Copy out the data from the line containing "Mercedes-Benz C-Class C200 4MATIC Avantgarde" to its last line, exactly. No pictures.

* [Available data]
== Segment start ==

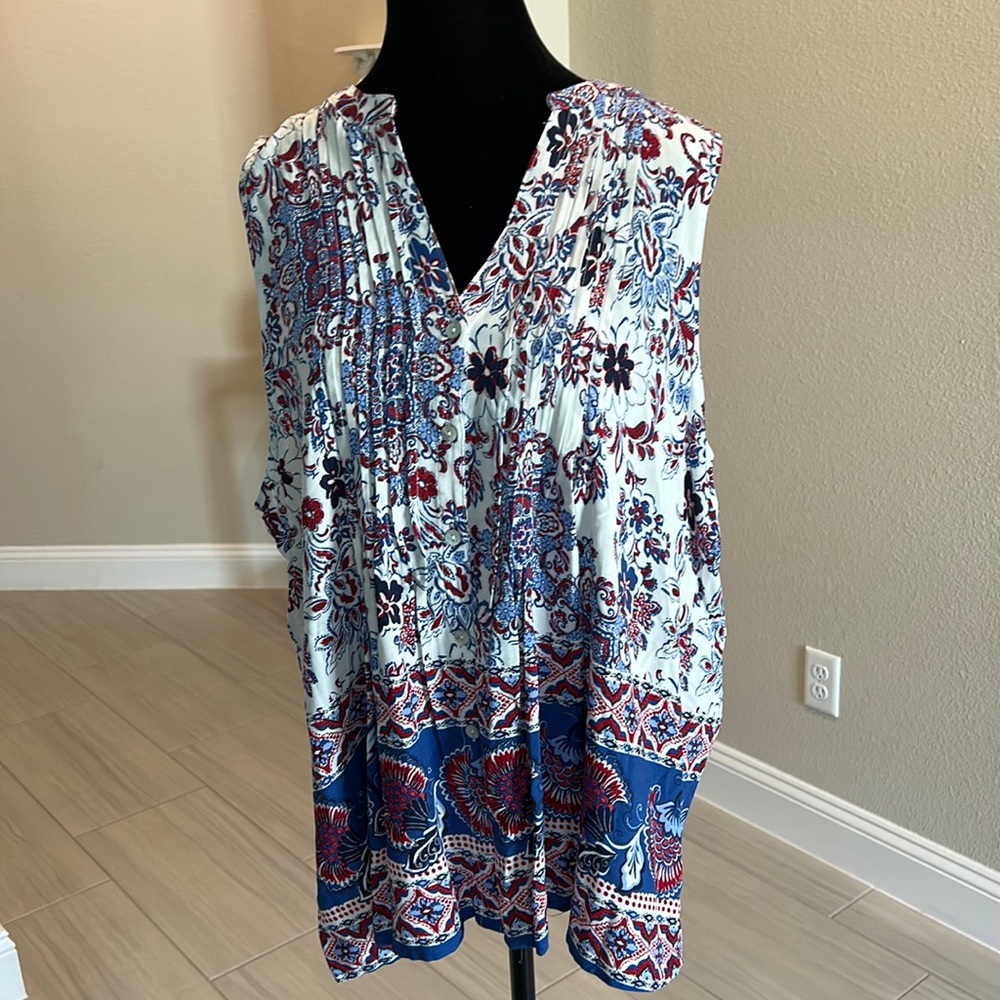 Red white and blue sleeveless blouse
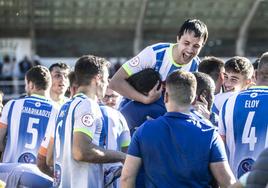 Orodea celebra con sus compañeros el ascenso a Segunda RFEF.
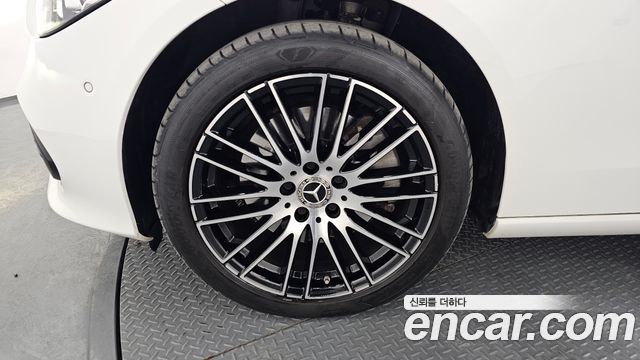 Mercedes-Benz C-Class C200 4MATIC Avantgarde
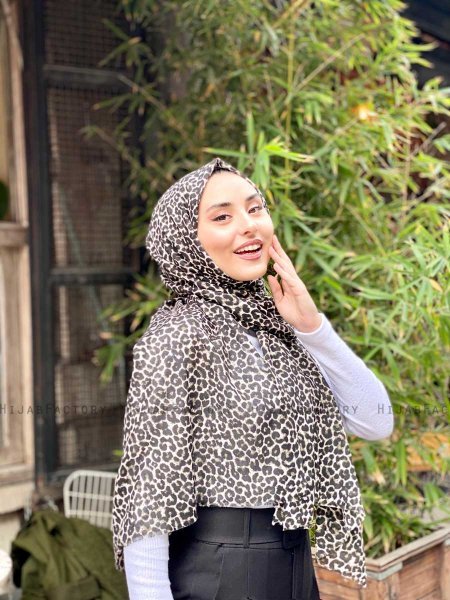 Suha - Hijab En Coton à Motif Léopard Kaki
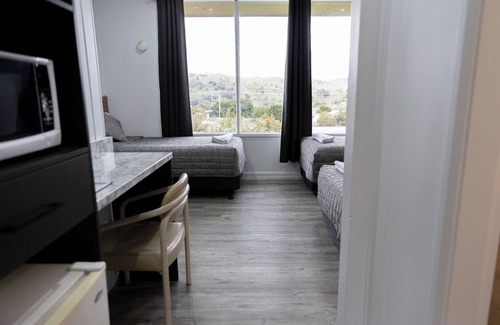 Gundagai Hotel | Garden Motor Inn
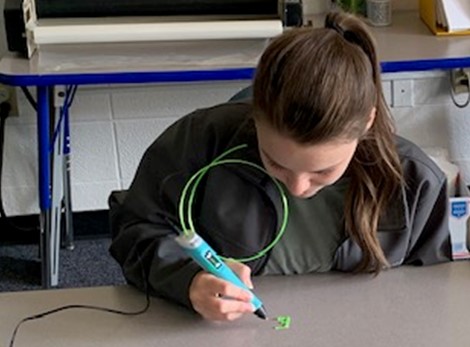 dmtcsc's tweet photo. Coloring within the lines takes on a whole new meaning in EDU 201! Students are learning how modern technology like 3D pens can be used to assess students’ fine motor skills and increase student engagement. #IntrotoTeaching #EDU201 #3DPens https://t.co/x3atelVGNT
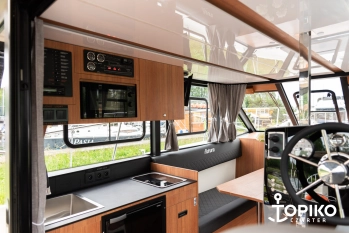 Futura 40 Flybridge Long NOWA - zdjęcie 12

== Segment end ==

* [Answer space]
 Mercedes-Benz C-Class C200 4MATIC Avantgarde
 Suha - Hijab En Coton à Motif Léopard Kaki
 Gundagai Hotel | Garden Motor Inn
 dmtcsc's tweet photo. Coloring within the lines takes on a whole new meaning in EDU 201! Students are learning how modern technology like 3D pens can be used to assess students’ fine motor skills and increase student engagement. #IntrotoTeaching #EDU201 #3DPens https://t.co/x3atelVGNT
 Futura 40 Flybridge Long NOWA - zdjęcie 12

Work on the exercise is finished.